1. Les éléments constitutifs
La soustraction d’enfant constitue une atteinte à l’autorité parentale, elle vise l’attitude active d’une personne qui s’est vue confier l’enfant et qui pourtant le soustrait des mains de ses représentants.
Il faut donc un acte positif de déplacement du mineur, peu importe que ce dernier ait été transporté ou qu’il ait quitté volontairement le domicile des parents sous réserve que le déplacement soit imputable à l’auteur de l’infraction.
Il suppose de soustraire durablement le mineur à l’autorité parentale ou aux personnes à qui il a été confié ou chez qui il a sa résidence habituelle.
Le délit de soustraction est un délit continue ce qui signifie qu’il perdure tant que son auteur a la volonté de porter atteinte à l’exercice de l’autorité parentale.

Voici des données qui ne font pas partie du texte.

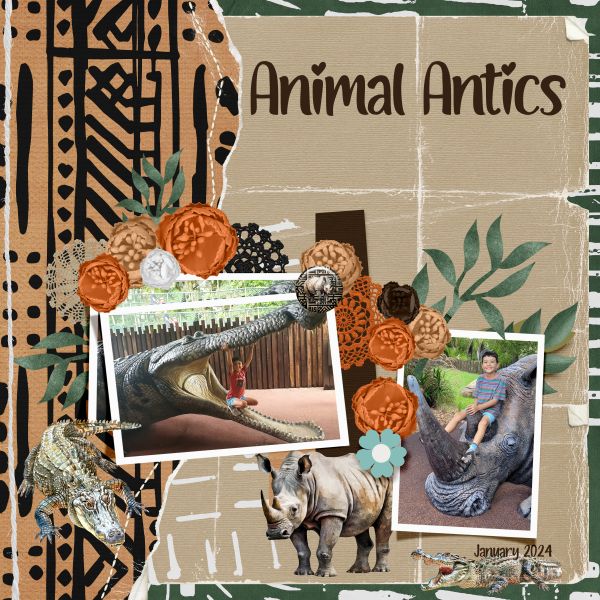 Animal Antics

Ainsi, l’intention nécessite la connaissance, par l’auteur, de l’âge du mineur.
2. La sanction et la qualité de l’auteur
Si la soustraction est commise par un ascendant, il encourt un and’emprisonnement et 15 000 euros d’amende.
Cette peine est aggravée si l’enfant est retenu plus de cinq jours sans que ceux qui sont en droit de le réclamer sachent où il se trouve, ou si l’enfant se trouve en dehors du territoire français : l’auteur encourt trois ans d’emprisonnement et 45 000 euros d’amende.
Il peut être condamné à cinq ans d’emprisonnement er 75 000 euros d’amende.
Les circonstances aggravantes précédentes ne s’appliquent pas.